Как воплощение типа благородного идеалиста и скитальца, бескорыстного и непримиримого к житейской пошлости, Степан Трофимович в конце романа обнаруживает черты, роднящие его с Дон Кихотом.
Достоевский не оставил указаний на реальные прототипы главного героя романа — Ставрогина.
К 1920-м годам относится полемика между Л. П. Гроссманом и В. П. Полонским о Бакунине как прототипе Николая Ставрогина. Она вызвала широкие отклики. В настоящее время вряд ли кто из исследователей согласится увидеть в Ставрогине сколько-нибудь точный литературный портрет знаменитого бунтаря и анархиста, что не исключает психологических точек соприкосновения между ними. В то же время не подлежит сомнению, что в Ставрогине, как уже было указано, нашли отражение некоторые из фактов биографии, определенные черты внешнего и внутреннего облика петрашевца Н. А. Спешнева, хотя и подвергшиеся сложному субъективному переосмыслению.

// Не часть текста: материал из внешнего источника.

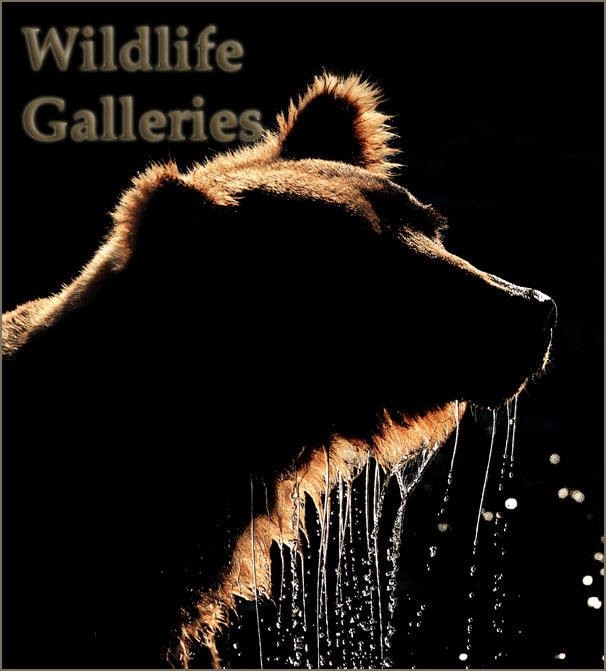 Wildlife Gallery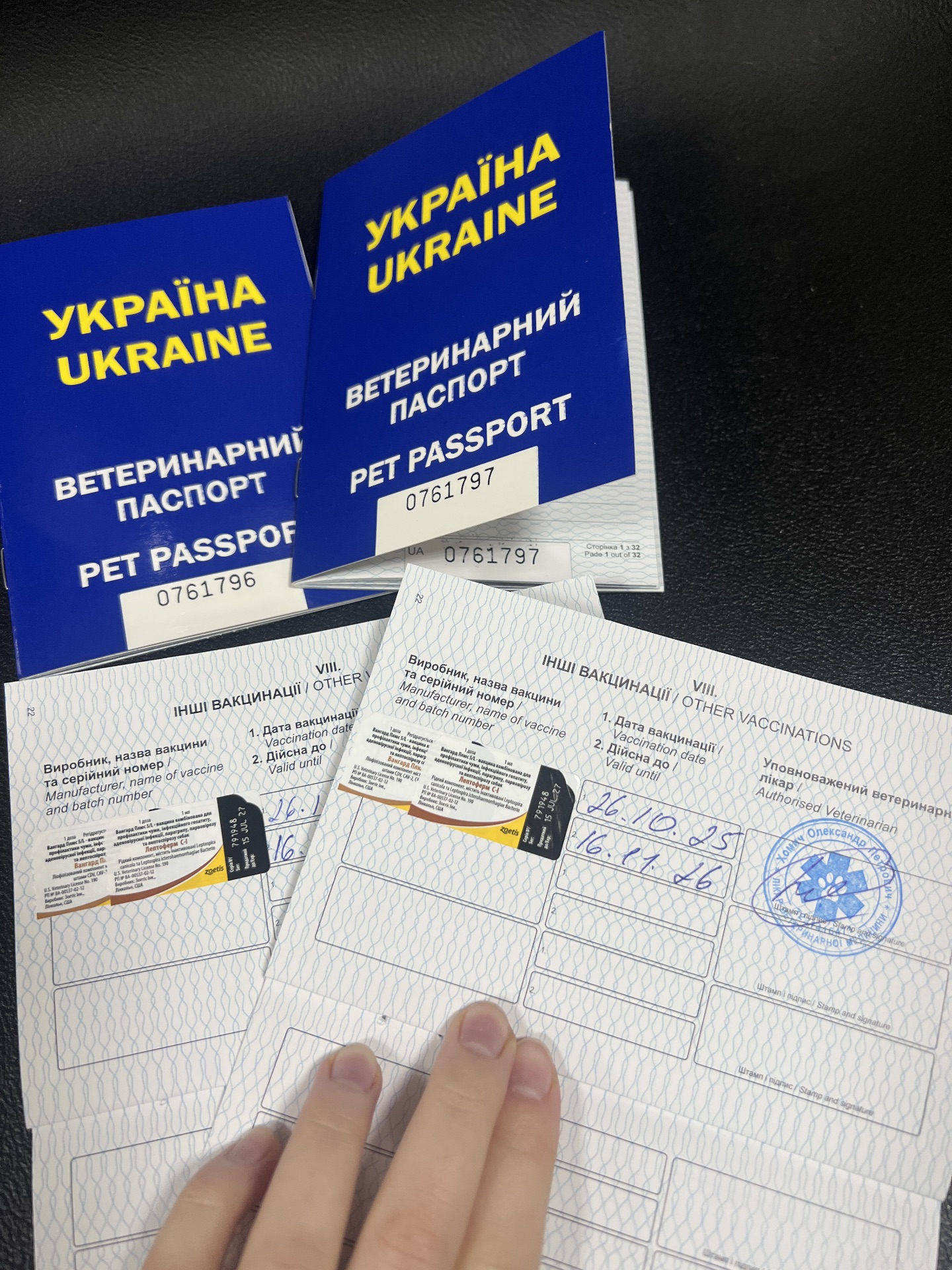 цуценя джек рассела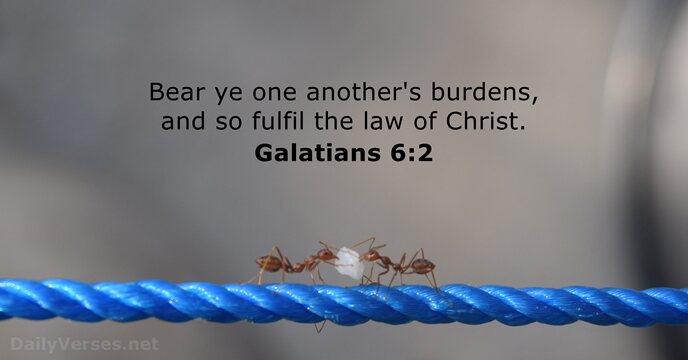 Bear ye one another's burdens, and so fulfil the law of Christ. Galatians 6:2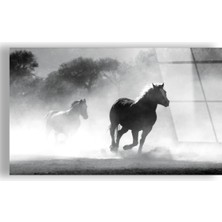 Zevahir Mobilya Dekorasyon Kırılmaz Cam Siyah At Tablo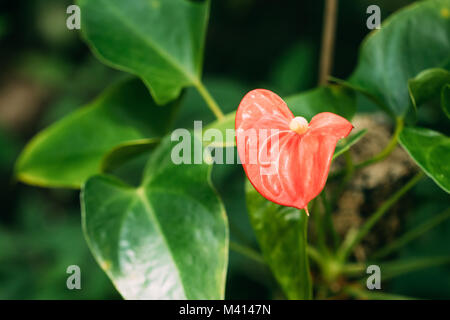 Red Anthurium Andraeanum Blume im Botanischen Garten. Stockfoto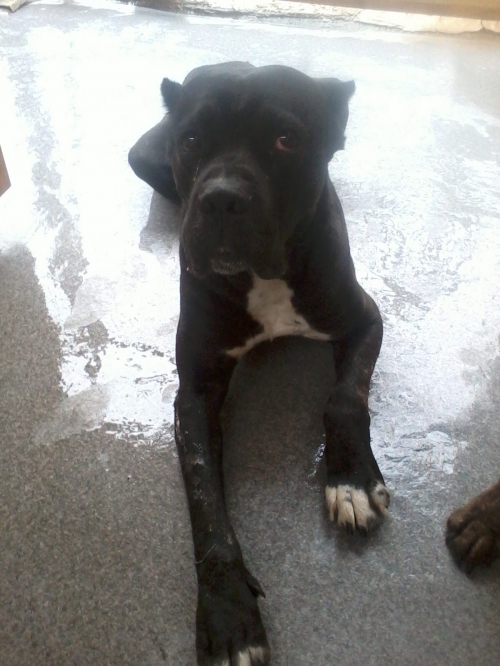 კანე კორსო ბუჩო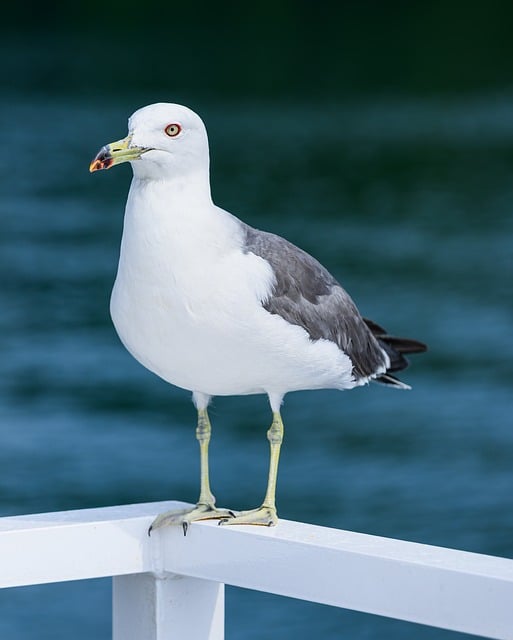 Free Seagull Bird photo and picture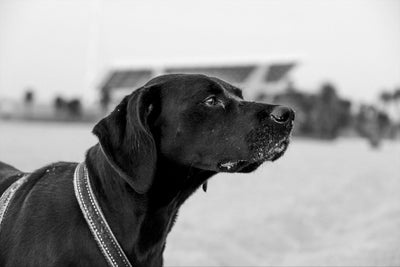 Labrador Retriever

Л. П. Гроссман полагал, что в образе Ставрогина получили выражение размышления Достоевского о людях могучей воли и сильных страстей, вынесенные из каторги и осмысленные посредством исторических ассоциаций: „Ставрогин напоминает каторжника Петрова своей огромной внутренней силой, не знающей, на чем остановиться. Есть в таких натурах нечто от Стеньки Разина, — отмечает Достоевский. — Необъятная сила, непосредственно ищущая спокою, волнующаяся до страдания и с радостью бросающаяся во время исканий и странствий в чудовищные уклонения и эксперименты, может все же установиться на такой сильной идее, которая сумеет организовать эту беззаконную мощь «до елейной тишины».
В окончательном тексте романа Хроникер, характеризуя силу воли и самообладание Ставрогина, оставившего пощечину Шатова без ответа, сравнивает его с декабристом М. С. Луниным (1787–1845), который „всю жизнь нарочно искал опасности, упивался ощущением ее, обратил его в потребность своей природы; в молодости выходил на дуэль ни за что; в Сибири с одним ножом ходил на медведя, любил встречаться в сибирских лесах с беглыми каторжниками“ (С. 196).
Источником сведений о Лунине, приведенных Достоевским, явилась „Отповедь декабриста П. Н. Свистунова“, опубликованная в февральском номере „Русского архива“ за 1871 г. Она содержала сходную характеристику Лунина. „Я помянул о его бесстрашии, — пишет П. Н. Свистунов, — хотя слово это не вполне выражает того свойства души, которым наделила его природа. В нем проявлялась та особенность, что ощущение опасности было для него наслаждением <…> Впоследствии, будучи в Сибири на поселении, Лунин один отправлялся в лес на волков, то с ружьем, то с одним кинжалом, и с утра до поздней ночи наслаждался ощущением опасности, заключающейся в недоброй встрече или с медведем, или с беглыми каторжниками“.
При изображении поединка Ставрогина с Гагановым Достоевский творчески преломил приведенное в воспоминаниях Свистунова описание дуэли Лунина с Орловым. „Сравнение этого поединка с дуэлью Орлова обнаруживает <…> его генетическую общность со сведениями Достоевского о Лунине. Полное спокойствие, демонстративная стрельба в воздух, пробитая шляпа Лунина и Ставрогина, чрезмерная горячность и случайные промахи их противников, да и самый благополучный исход обоих поединков — все это с полной несомненностью говорит о художественном оформлении писателем сырого материала заметки Свистунова“.